É já noite cerrada quando ligamos o motor e os 30 minutos que demoramos até à medina de Fez (1) são passados a discutir o incrível percurso de Marrocos no mundial de futebol de 2022, no Qatar, as aspirações do Maghreb de Fès (clube de futebol mais popular de Fez) para a próxima época do Botola (2) e a carreira do mágico Adel Taarabt, ex-jogador do Benfica, exímio com a bola nos pés e oriundo de Fez – nada como o futebol para criar pontes e diálogos nas mais distantes regiões do globo. O nosso tempo aqui é escasso – viemos a Fez com um único propósito: visitar a Tinturaria de Chouara. Depois partiremos para Marrakech. Conheci a famosa tinturaria há largos anos, através das páginas de uma National Geographic e fiquei imediatamente fascinado pelo local. A Chouara Tannerie – como aqui é chamada – está localizada na medina de Fez, a parte mais antiga da cidade e Património Mundial pela UNESCO desde 1981. Chegados à tinturaria, é-nos oferecido um ramo de hortelã – “ponham-no sob o nariz”, dizem-nos, e assim o fazemos. Subimos as íngremes escadas de uma loja de artigos de couro e damos com uma pequena varanda.

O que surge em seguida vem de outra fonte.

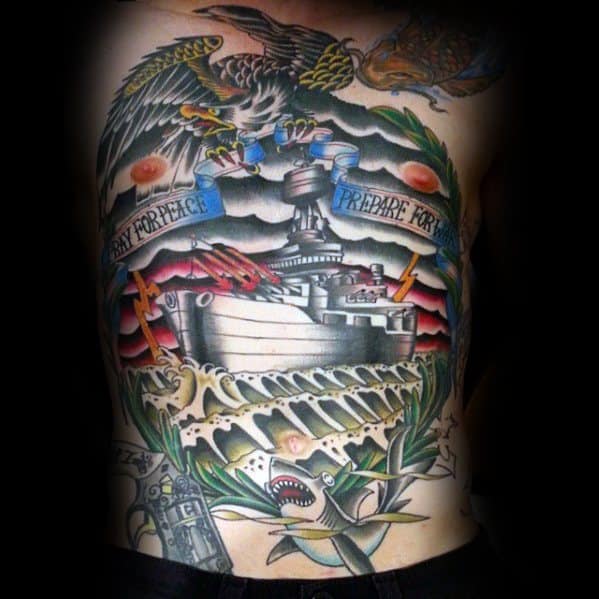 Chest tattoo of a battleship with eagle, shark, and banners saying "Pray for Peace, Prepare for War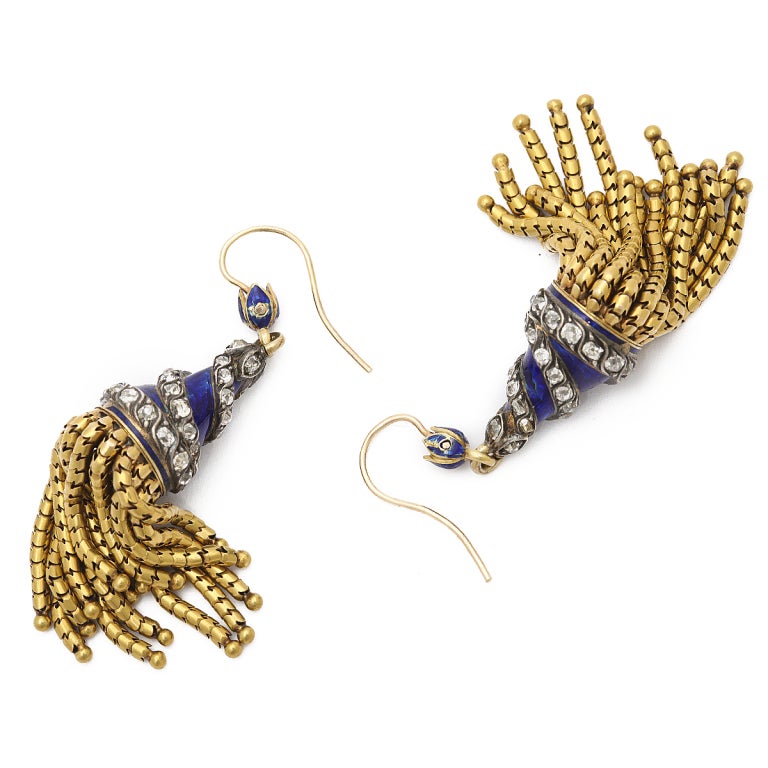 Pair of blue engine-turned enamel earrings ornamented with spiraling diamonds, and fringe of gold tassels.

English, ca. 1870
Length: 2 1/4 inches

A vista é impressionante: são centenas de coloridos tanques e, entre estes, dezenas de homens – temos a sensação de estar frente a uma gigante paleta de aguarelas. A tinturaria está dividida em duas partes: de um lado, vários tanques claros; do outro, tanques escuros. O processo é ancestral. As peles são primeiramente mergulhadas nos tanques claros, cheios de cal e fezes de pombo, que amolecem a pele e removem os pêlos que sobre esta restam. De seguida, são transportados para os tanques escuros, onde são manualmente tingidos com corantes naturais, extraídos de plantas e minerais, e onde os curtidores as pisam e mergulham, de maneira que se garanta que ganham uma coloração uniforme.
É um trabalho árduo e laborioso, que requer habilidade, paciência e resistência – sobretudo quando sob este tórrido e implacável sol. Após tingidas, as peles são penduradas nas paredes e estendidas sobre os telhados das tinturarias para secarem. Nunca havia visto lugar semelhante ou processo tão antigo e fascinante. Rapidamente nos apercebemos do propósito dos ramos de hortelã – o odor em Chouara é pungente e, à falta de melhor adjectivo, desagradável, extremamente desagradável. Fotos tiradas, decidimos voltar a descer as escadas e retornar à labiríntica medina. Paramos no primeiro estabelecimento que encontramos e nunca um chá de hortelã e mel teve tão aliviante aroma.